Center Co-sponsors the 14th Annual Conference of the North American Taiwan Studies Association
The 14th annual conference of the North American Taiwan Studies Association took place at the University of Washington, Seattle from June 27 to 29 of 2008, with the support of the Chiang Ching-kuo Foundation for International Scholarly Exchange, the Asian Law Center and the East Asia Center at the University of Washington. The conference titled “Translating the Political, Re-envisioning the Social: What’s the Next Turn for Taiwan?” invited scholars and students to reexamine the latest development of democratic politics and social empowerment in Taiwan. Participants included scholars from the United States, Canada, Taiwan, Japan and Europe as well as several faculty members and researchers specialized in Asian Studies from the greater Seattle area.
Collaboration with Judicial Yuan to Enhance Established Scholarly Exchanges with Taiwanese Legal Professionals
The Law School and the Asian Law Center hosts a number of Taiwanese Judges, prosecutors, government officials and attorneys as Visiting Scholars each year. Our recently executed collaborative agreement with the Judicial Yuan of Taiwan (May 2008) will enhance our existing scholarly exchanges.
We also collaborate with the Taipei Economic and Cultural Office in Seattle to host many visitors from Taiwan. Recent distinguished visitors included Mr. Rih-Sheng Tsai, Deputy-Director of Administrative Enforcement Agency and Mr. Ying-hung Chou, Director of the Taichung Branch, Administrative Enforcement Agency (June 2007), himself an alumnus of the LL.M in Asian and Comparative Law Program (2000).
UWLS — NTU Partnership Strengthened
During their October 2006 visit to Taiwan, our former Dean, WH (‘Joe’) Knight and faculty enjoyed an extended visit to National Taiwan University Law Faculty. There, Dean Ming-cheng Tsai (a former UW Visiting Scholar) and Associate Dean Tay-sheng Wang (LL.M. 1990, Ph.D. 1992) extended a warm welcome. The conversation was wide-ranging, and included developing the outline for a new collaborative agreement between the two schools.
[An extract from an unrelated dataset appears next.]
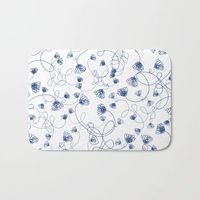 Flowers in knots pattern. floral, minimal, spring, white, blue, white-blue, blue-white Bath Mat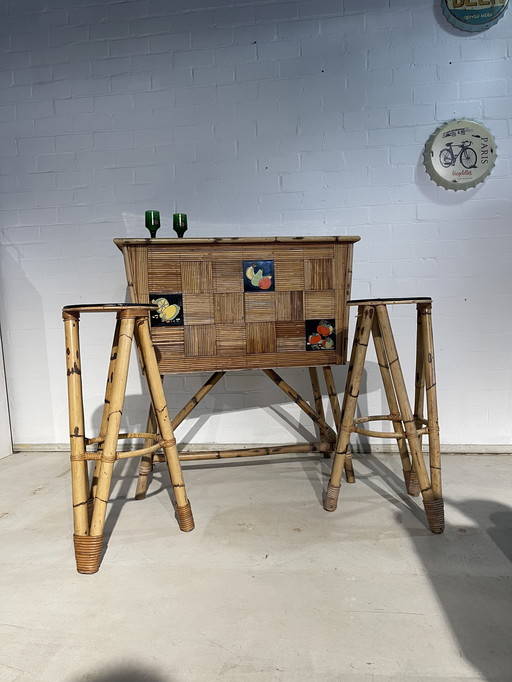 Sgabello da bar retrò in bambù vintage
We executed a formal collaborative agreement in July 2007, and have since been exchanging students engaged in comparative legal studies. In the 2008-09 academic year we also welcomed Professor Jau-Yuan Huang, who is working with Professor Dongsheng Zang to examine comparative constitutionalism and international human rights in East Asia.
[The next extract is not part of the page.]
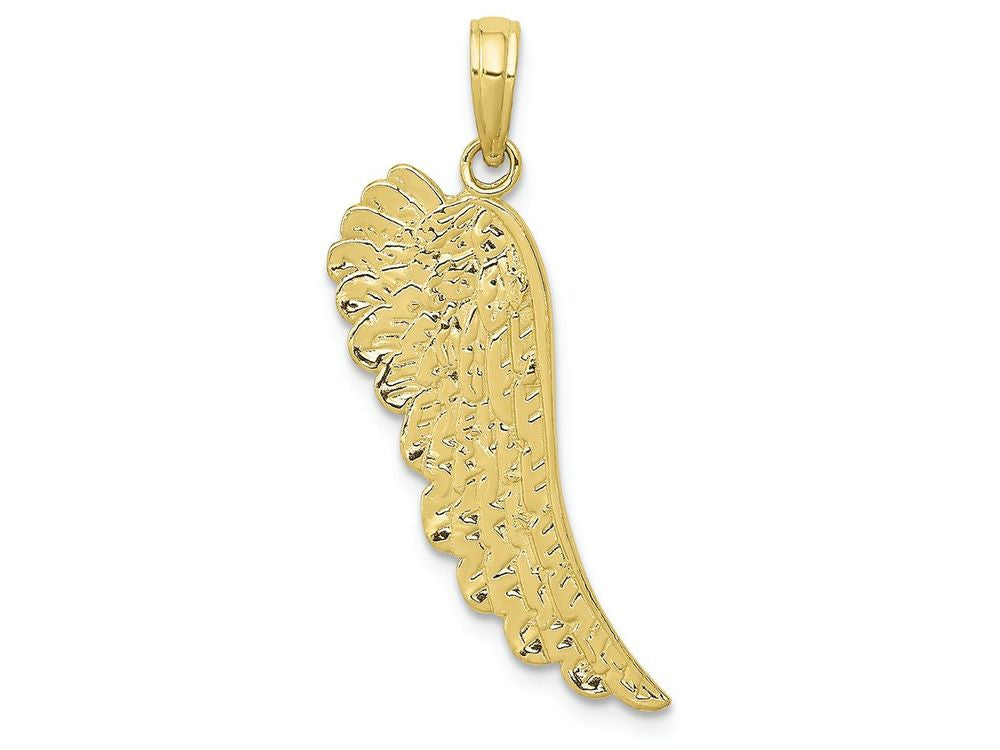FJC Finejewelers 10k Yellow Gold Single Angel Wingtextured Charm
We had the pleasure of seeing Dean Tsai, Associate Dean Wang, and Professors Jau-yuan Hwang and Wen-chen Chang again, when they made a reciprocal visit to Seattle in September 2007. Their visit allowed us to continue developing areas of joint research and teaching that are of interest for both of our schools.
Taiwanese Law Collection at the Gallagher Law Library Continues to Grow
The Law Library at UW is widely recognized as one of the finest Taiwanese law collection outside Taiwan, and continues to enjoy the support of Taiwanese legal professionals. Colleagues from the Supreme Prosecutors' Office of Taiwan, who visited with us in June 2005 with Prosecutor General Wu, returned in June 2006 to generously contribute several books to our East Asian Library Department. In September 2006 we were honored to host Chief Judge Hung Chao-Lung from Taiwan Yunlin District Court and a delegation of seventeen Judges from different Taiwanese District Courts who also made a generous donation of fourteen new books in Chinese to our East Asian Library Department.